**WORK ORDER**: Take the records below and set down exactly the lines from the one with "HEO CON C&Oacute;" to the one with "Cleaning Professional", ends included; do not copy the pictures.

---------- GIVEN DATA ----------

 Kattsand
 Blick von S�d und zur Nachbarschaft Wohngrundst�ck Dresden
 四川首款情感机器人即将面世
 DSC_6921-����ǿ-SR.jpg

----------
---------- GIVEN DATA ----------

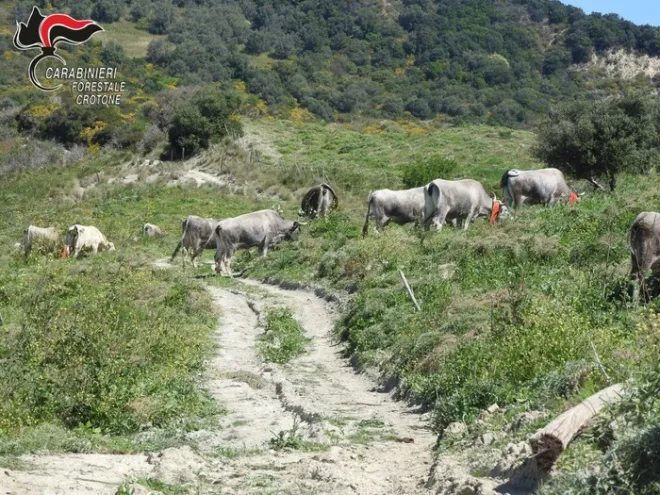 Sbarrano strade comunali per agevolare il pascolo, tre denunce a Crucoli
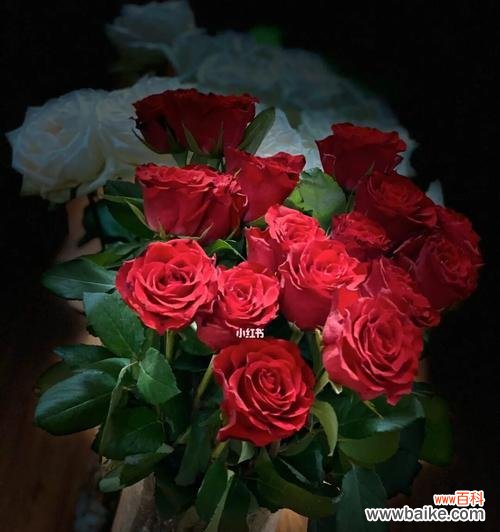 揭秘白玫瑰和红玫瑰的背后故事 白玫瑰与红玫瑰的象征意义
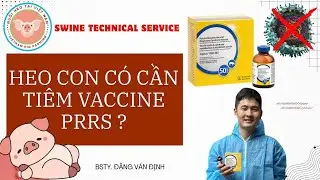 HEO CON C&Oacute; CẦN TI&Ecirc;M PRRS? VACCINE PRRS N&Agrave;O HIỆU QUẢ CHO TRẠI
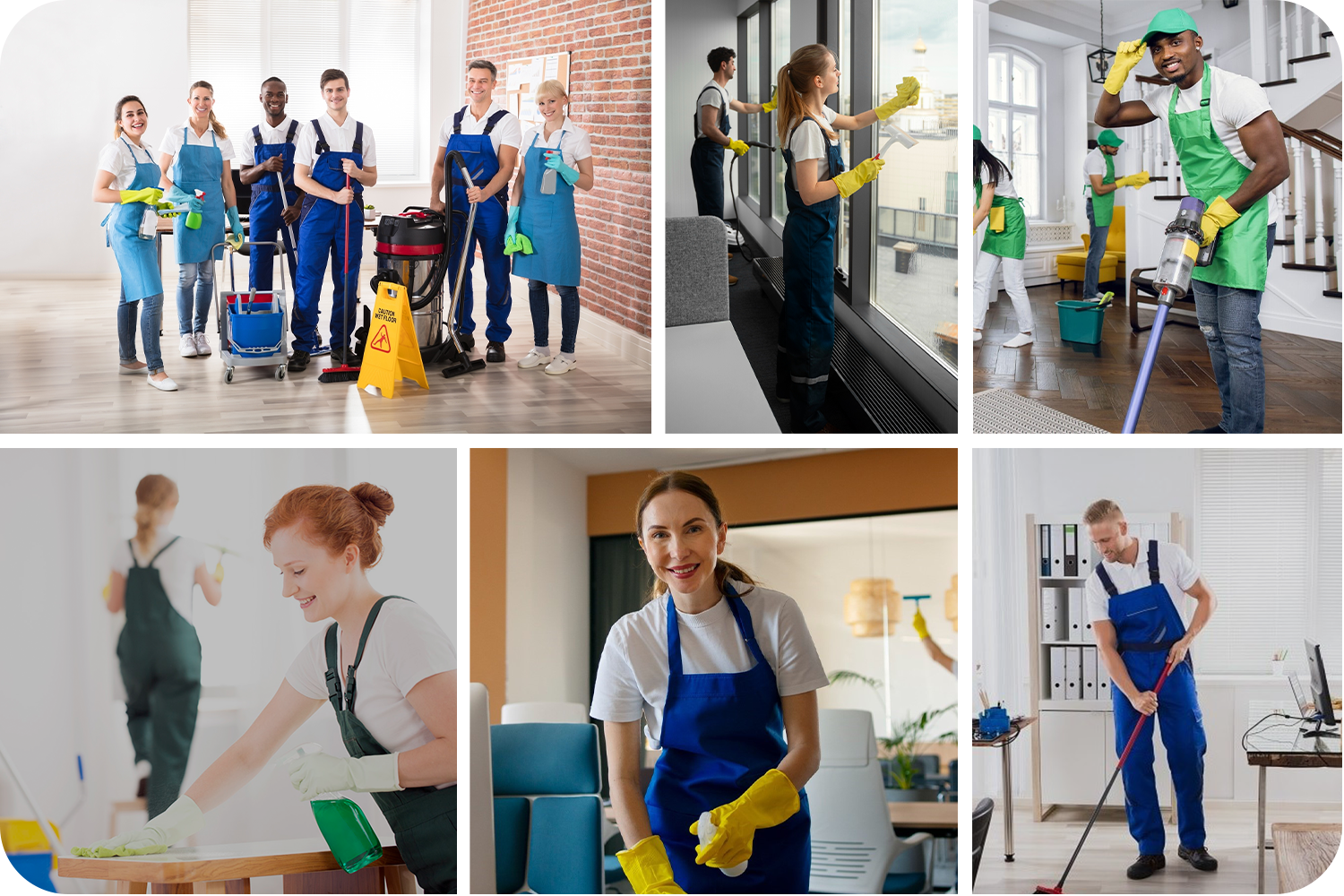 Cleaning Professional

----------

**SOLUTION BELOW**:
 HEO CON C&Oacute; CẦN TI&Ecirc;M PRRS? VACCINE PRRS N&Agrave;O HIỆU QUẢ CHO TRẠI
 Cleaning Professional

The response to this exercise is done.